D’Antoine, confie un enquêteur français, proche du dossier, «on ne sait pas grand-chose. Il s’agit d’un garçon fragile, un peu paumé, brillant en informatique et déçu par sa hiérarchie qui ne lui aurait pas prêté suffisamment d’attention.» Selon Le Parisien, il aurait été marié, aurait divorcé et n’aurait pas d’enfant. L’homme serait aujourd’hui sous protection permanente par la gendarmerie française, craignant pour sa vie de la part de clients figurant sur la fameuse liste dérobée.
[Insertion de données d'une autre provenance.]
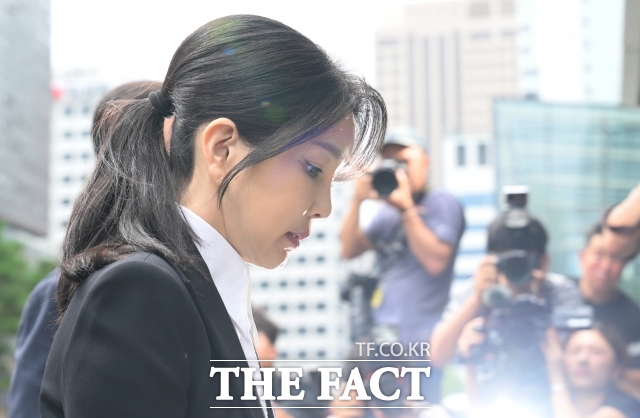 김건희 여사와 건진법사 전성배 씨가 25일 오전 10시 김 여사 연루 의혹을 수사하는 민중기 특별검사팀 사무실이 위치한 서울 종로구 KT광화문빌딩 웨스트에 동시에 출석해 조사를 받고 있다. /박헌우 기자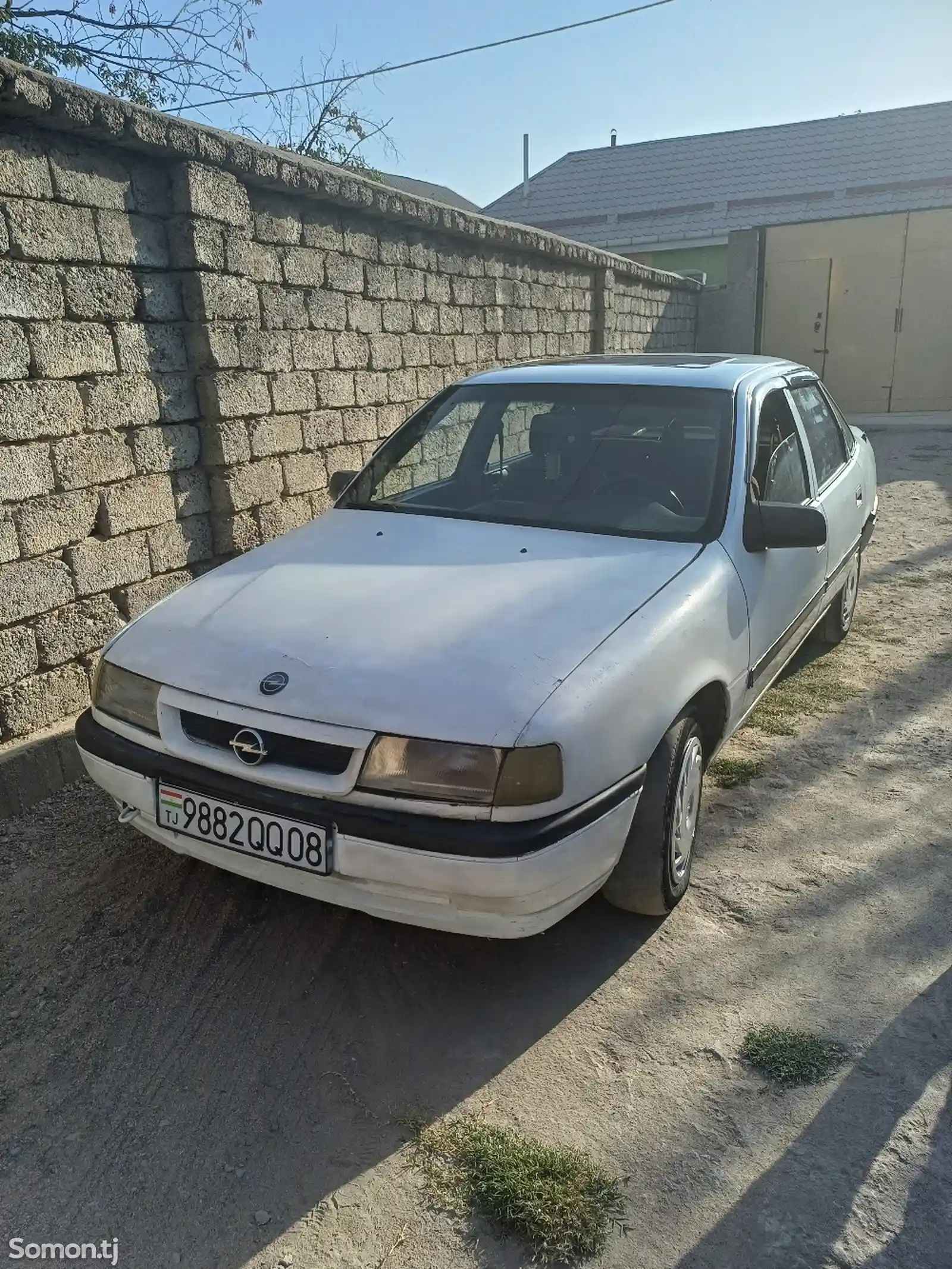 Opel Vectra A, 1990-1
Parallèlement, le procureur de Nice, Eric de Montgolfier, s’est également saisi des informations livrées par Antoine et a ouvert, cet été, une instruction pour blanchiment d’argent.
Selon Me Rizzo, «Antoine a obtenu de nouveaux papiers et possède une nouvelle identité. Tout cela coûte cher, certes, mais cela ne veut pas dire que les autorités françaises aient acheté ces données.» Toute la question – sur le plan légal – est évidemment là. Car, selon la loi française, des informations achetées à des tiers n’ont aucune valeur. Contrairement à l’Allemagne et à sa taupe informatique de la banque liechtensteinoise de la famille princière LGT.
Liste à 4,2 millions d’euros
En 2006, on s’en souvient, un certain Heinrich Kieber a fait trembler les riches Allemands, mais également de grands groupes français et des milliardaires américains qui avaient fait la Principauté et de ses trusts parfaitement anonymes leur havre fiscal. Au départ, l’informaticien de LGT ne voulait pas toucher le jackpot en se servant de son listing de clients, comptant 1400 noms. Embarqué lui-même dans une salle affaire d’escroquerie, il demande ainsi, dans un premier temps, au prince du Liechtenstein d’obtenir un nouveau passeport pour s’enfuir tranquillement.
Las, son stratagème échoue. Dès lors, le 24 janvier 2006 au matin, il envoie un simple e-mail aux services secrets allemands, leur révélant le contenu de sa «bombe». Le fisc germanique lui versera 4,2 millions d’euros. La grenade explose, les têtes tombent, dont celle du patron de La Poste allemande, Klaus Zunwinkel, qui avait planqué plus de 10 millions à Vaduz.
Aujourd’hui, et bien que sous le coup d’un mandat d’arrêt international, l’informaticien allemand vit sous haute protection. Selon un enquêteur français, «les services secrets allemands lui ont payé un nouveau visage, de nouveaux papiers, un nouvel avenir». En sera-t-il de même pour Antoine?